Records to process START

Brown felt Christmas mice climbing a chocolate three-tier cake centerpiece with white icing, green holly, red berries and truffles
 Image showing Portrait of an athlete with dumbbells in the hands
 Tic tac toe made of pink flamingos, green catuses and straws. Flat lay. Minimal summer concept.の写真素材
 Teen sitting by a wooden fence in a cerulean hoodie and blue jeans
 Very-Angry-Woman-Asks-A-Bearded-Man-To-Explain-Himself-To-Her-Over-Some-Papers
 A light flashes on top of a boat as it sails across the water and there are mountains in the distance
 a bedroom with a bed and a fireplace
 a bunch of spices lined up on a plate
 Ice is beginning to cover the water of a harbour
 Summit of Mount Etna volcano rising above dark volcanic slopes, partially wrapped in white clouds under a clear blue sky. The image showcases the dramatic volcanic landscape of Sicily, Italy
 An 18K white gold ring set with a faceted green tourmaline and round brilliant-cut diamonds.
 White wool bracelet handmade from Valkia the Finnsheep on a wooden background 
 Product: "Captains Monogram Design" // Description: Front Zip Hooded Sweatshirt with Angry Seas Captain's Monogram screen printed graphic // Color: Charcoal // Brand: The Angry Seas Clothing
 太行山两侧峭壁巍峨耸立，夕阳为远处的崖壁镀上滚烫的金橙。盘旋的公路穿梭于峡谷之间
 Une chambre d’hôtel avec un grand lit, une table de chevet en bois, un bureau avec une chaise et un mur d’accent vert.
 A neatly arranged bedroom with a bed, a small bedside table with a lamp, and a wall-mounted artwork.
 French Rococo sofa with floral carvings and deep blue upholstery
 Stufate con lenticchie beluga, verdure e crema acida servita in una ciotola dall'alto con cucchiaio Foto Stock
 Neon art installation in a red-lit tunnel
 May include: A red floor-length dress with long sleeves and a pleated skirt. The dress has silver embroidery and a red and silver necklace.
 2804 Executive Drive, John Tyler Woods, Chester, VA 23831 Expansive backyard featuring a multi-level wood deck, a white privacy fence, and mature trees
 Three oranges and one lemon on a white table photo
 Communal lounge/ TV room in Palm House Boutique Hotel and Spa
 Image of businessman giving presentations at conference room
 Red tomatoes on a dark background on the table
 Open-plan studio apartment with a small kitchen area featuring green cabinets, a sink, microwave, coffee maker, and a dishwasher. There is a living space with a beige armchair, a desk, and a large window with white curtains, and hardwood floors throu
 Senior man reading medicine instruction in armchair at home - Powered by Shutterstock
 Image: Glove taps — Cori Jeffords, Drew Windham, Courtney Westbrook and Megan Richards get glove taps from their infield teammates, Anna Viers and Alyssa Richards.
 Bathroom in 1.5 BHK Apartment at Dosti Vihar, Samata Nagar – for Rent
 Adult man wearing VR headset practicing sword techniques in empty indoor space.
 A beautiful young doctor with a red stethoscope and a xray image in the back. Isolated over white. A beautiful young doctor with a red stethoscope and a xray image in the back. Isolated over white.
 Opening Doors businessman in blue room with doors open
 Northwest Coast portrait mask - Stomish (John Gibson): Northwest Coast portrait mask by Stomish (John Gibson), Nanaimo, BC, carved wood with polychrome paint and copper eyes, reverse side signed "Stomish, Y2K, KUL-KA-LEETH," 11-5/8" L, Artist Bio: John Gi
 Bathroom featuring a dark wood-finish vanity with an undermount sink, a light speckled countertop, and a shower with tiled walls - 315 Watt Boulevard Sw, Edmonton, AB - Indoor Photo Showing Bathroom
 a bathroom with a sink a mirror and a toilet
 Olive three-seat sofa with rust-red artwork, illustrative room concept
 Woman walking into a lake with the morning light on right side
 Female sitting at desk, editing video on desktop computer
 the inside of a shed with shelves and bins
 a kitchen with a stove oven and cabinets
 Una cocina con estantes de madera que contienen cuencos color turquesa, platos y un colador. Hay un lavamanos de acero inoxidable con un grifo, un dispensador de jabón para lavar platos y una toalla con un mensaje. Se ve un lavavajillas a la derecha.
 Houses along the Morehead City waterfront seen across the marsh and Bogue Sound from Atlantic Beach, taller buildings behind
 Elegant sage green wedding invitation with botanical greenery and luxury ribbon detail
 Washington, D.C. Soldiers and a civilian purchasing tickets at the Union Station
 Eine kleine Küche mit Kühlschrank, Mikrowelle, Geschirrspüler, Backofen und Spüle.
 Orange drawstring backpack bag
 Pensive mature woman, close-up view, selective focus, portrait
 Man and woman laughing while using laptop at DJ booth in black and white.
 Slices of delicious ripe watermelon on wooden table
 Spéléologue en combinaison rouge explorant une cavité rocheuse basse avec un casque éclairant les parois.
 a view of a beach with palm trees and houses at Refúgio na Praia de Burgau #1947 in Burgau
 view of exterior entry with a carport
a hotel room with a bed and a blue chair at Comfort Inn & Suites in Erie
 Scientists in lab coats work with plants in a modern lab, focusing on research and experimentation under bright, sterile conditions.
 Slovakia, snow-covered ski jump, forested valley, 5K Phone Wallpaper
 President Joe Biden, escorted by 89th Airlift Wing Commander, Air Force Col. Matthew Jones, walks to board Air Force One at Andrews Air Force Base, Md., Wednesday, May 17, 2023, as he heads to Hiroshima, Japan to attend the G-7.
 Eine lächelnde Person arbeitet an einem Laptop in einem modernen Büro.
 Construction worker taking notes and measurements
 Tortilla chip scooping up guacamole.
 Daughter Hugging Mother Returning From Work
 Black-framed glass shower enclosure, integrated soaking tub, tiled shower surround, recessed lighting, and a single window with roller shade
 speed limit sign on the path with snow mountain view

Records to process END

- Task brief -
All that should appear in the response is the run of lines from the first line of the entries through the line containing "Neon art installation in a red-lit tunnel", copied exactly.

- Solution to the problem -
Brown felt Christmas mice climbing a chocolate three-tier cake centerpiece with white icing, green holly, red berries and truffles
 Image showing Portrait of an athlete with dumbbells in the hands
 Tic tac toe made of pink flamingos, green catuses and straws. Flat lay. Minimal summer concept.の写真素材
 Teen sitting by a wooden fence in a cerulean hoodie and blue jeans
 Very-Angry-Woman-Asks-A-Bearded-Man-To-Explain-Himself-To-Her-Over-Some-Papers
 A light flashes on top of a boat as it sails across the water and there are mountains in the distance
 a bedroom with a bed and a fireplace
 a bunch of spices lined up on a plate
 Ice is beginning to cover the water of a harbour
 Summit of Mount Etna volcano rising above dark volcanic slopes, partially wrapped in white clouds under a clear blue sky. The image showcases the dramatic volcanic landscape of Sicily, Italy
 An 18K white gold ring set with a faceted green tourmaline and round brilliant-cut diamonds.
 White wool bracelet handmade from Valkia the Finnsheep on a wooden background 
 Product: "Captains Monogram Design" // Description: Front Zip Hooded Sweatshirt with Angry Seas Captain's Monogram screen printed graphic // Color: Charcoal // Brand: The Angry Seas Clothing
 太行山两侧峭壁巍峨耸立，夕阳为远处的崖壁镀上滚烫的金橙。盘旋的公路穿梭于峡谷之间
 Une chambre d’hôtel avec un grand lit, une table de chevet en bois, un bureau avec une chaise et un mur d’accent vert.
 A neatly arranged bedroom with a bed, a small bedside table with a lamp, and a wall-mounted artwork.
 French Rococo sofa with floral carvings and deep blue upholstery
 Stufate con lenticchie beluga, verdure e crema acida servita in una ciotola dall'alto con cucchiaio Foto Stock
 Neon art installation in a red-lit tunnel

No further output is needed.